Any delivery route can be employed for providing a patient with an effective amount of fenofibrate or a derivative thereof. Preferred delivery routes include, but are not limited to oral or parenteral, e.g., rectal, vaginal, urethral, topical, the oral delivery route being preferred.
By way of example, and not of limitation, examples of the present invention will now be given.

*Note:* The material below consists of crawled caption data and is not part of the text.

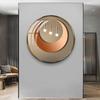 Pintura Decorativa Redonda de Luxo Leve Arandela Luminosa Entrada Sala de Estar Parede de Fundo do Sofá Quarto Iluminação de Alto Nível Pintura Pendurada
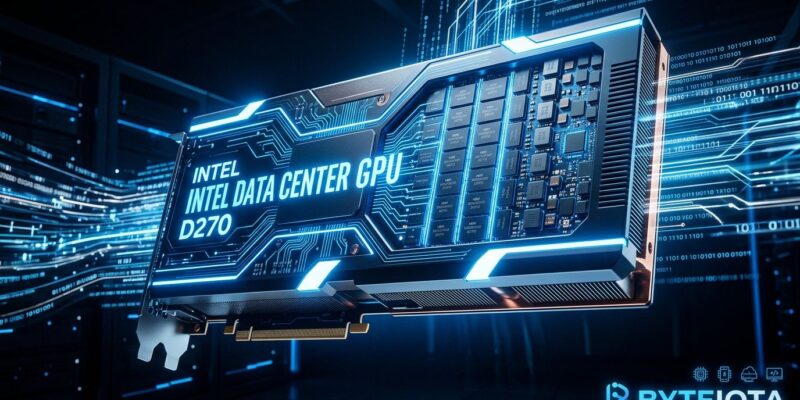 Intel GPU D270 data center inference card with 480GB LPDDR5X memory on a circuit board background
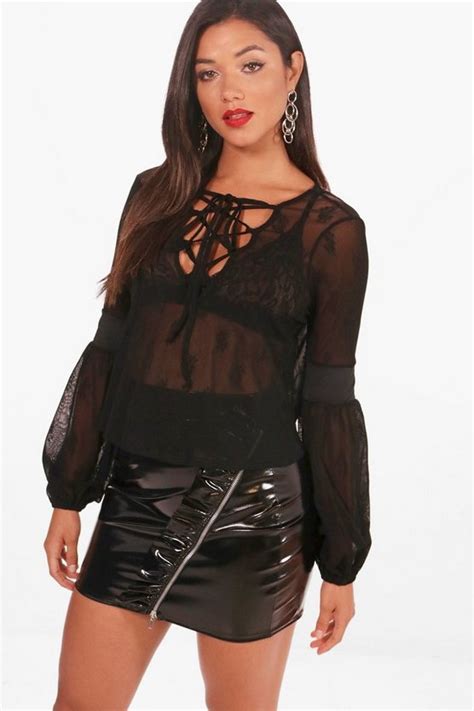 Lace Up Lace Top Boohoo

Type 2 diabetes mellitus is an increasingly common condition associated with a high cardiovascular risk. To date, very few trials of lipid-lowering therapy have focused on this condition, and in particular, no very large trials of fibrate therapy in diabetes have been conducted. Only two trials of fibrate therapy have been completed: the Veterans Low-HDL Cholesterol Intervention Trial (VA-HIT) Rubins H B, Robins S J, Collins D, Fye C L, Anderson J W, Elam M B, Faas F H, Linares E, Schaefer E J, Schectman G, Wilt T J, Wittes J: Gemfibrozil for secondary prevention of coronary heart disease in men with low levels of high-density lipoprotein cholesterol. Veterans Affairs High-density liporotein cholesterol Intervention Trial study group. N. Eng J Med 1999, 341:410-418) and the Bezafibrate Infarct Prevention (BIP) trial (The BIP Study Group: Secondary Prevention by raising HDL cholesterol and reducing triglycerides in patients with coronary artery disease. The Bezafibrate Infarct Prevention (BIP) Study. Circulation 2000, 102:21-27). Both studies were limited to people with prior myocardial infarction (MI) and have reported reductions in major cardiovascular events among participants with low HDL and high triglyceride (TG) at baseline, which were greater than those seen with use of the same fibrate among those without dyslipidaemia. The VA-HIT trial also reported reduced coronary heart disease (CHD) mortality in those with diabetes receiving gemfibrozil and a reduced rate of cardiovascular events, although rates of nonfatal MI did not change significantly. A third trial, the Diabetes Atherosclerosis Intervention Study (DAIS), showed reduced progression of established coronary atherosclerosis among those randomized to fenofibrate compared with those receiving matching placebo, over 3 years. (Diabetes Atherosclerosis Intervention Study investigators: Effect of fenofibrate on progression of coronary artery disease in type 2 diabetes: the Diabetes Atherosclerosis intervention Study, a randomised study. Lancet 2001, 357:905-910).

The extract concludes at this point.